– Obserwowaliśmy pewne wzmocnienie rosyjskiej obecności, również w Bałkanach Zachodnich – potwierdził sekretarz generalny NATO Jens Stoltenberg.
Aktywna polityka Kremla zakończyła się na razie tym, że Interpol na wniosek Czarnogóry rozesłał międzynarodowe listy gończe za dwoma obywatelami Rosji podejrzanymi o udział w próbie zamachu stanu w Podgoricy.
– Oczywiście, widzieliśmy doniesienia o tym, że rosyjscy obywatele byli zamieszani w poważne incydenty w Czarnogórze w dniu wyborów.
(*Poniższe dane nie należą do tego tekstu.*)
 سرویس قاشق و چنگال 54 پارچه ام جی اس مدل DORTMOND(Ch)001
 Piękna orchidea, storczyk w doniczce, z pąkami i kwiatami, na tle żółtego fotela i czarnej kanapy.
Tamtejsze władze prowadzą śledztwo w tej sprawie – dodał Stoltenberg.
Według czarnogórskich władz Rosja próbowała zorganizować w ich kraju zamach stanu, by uniemożliwić mu wstąpienie do NATO. Atak próbowano przeprowadzić 16 października, w dniu wyborów parlamentarnych. Zamachowcy chcieli w ten sposób przeważyć szalę na korzyść partii opozycyjnych wobec premiera Milo Djukanovicia, sprzeciwiających się przystąpieniu kraju do sojuszu.
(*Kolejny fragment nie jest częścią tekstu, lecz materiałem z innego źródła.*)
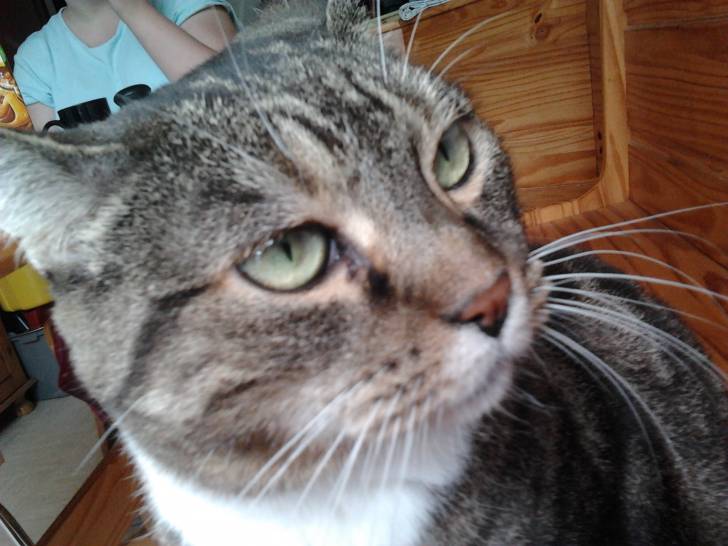 Choupette - (11 ans)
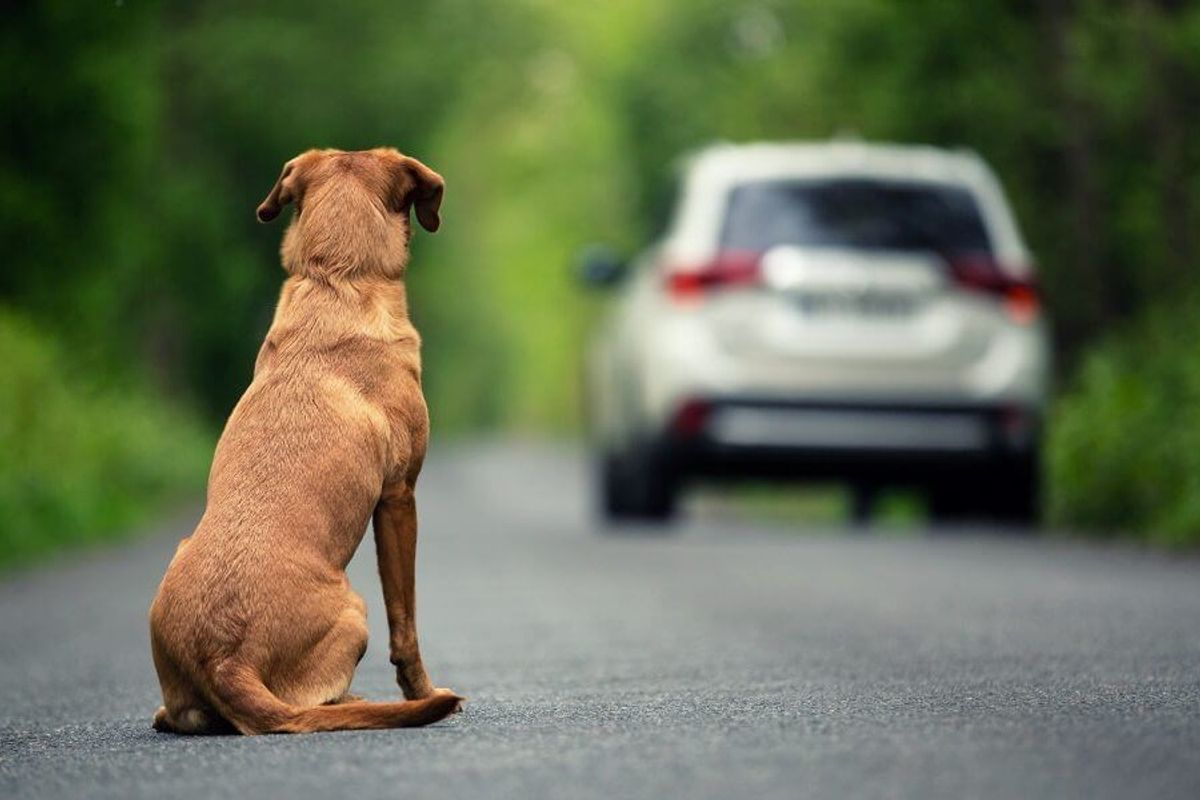 Abandono Animais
Scenariusz zamachu przewidywał zabójstwo szefa rządu, wywołanie rozruchów i szturm opozycyjnych manifestantów na budynki rządowe. Do dziś nie wiadomo, dlaczego się nie udał. W każdym razie w nocy po wyborach w Podgoricy nic się nie stało, a zamachowcy bez przeszkód opuścili kraj.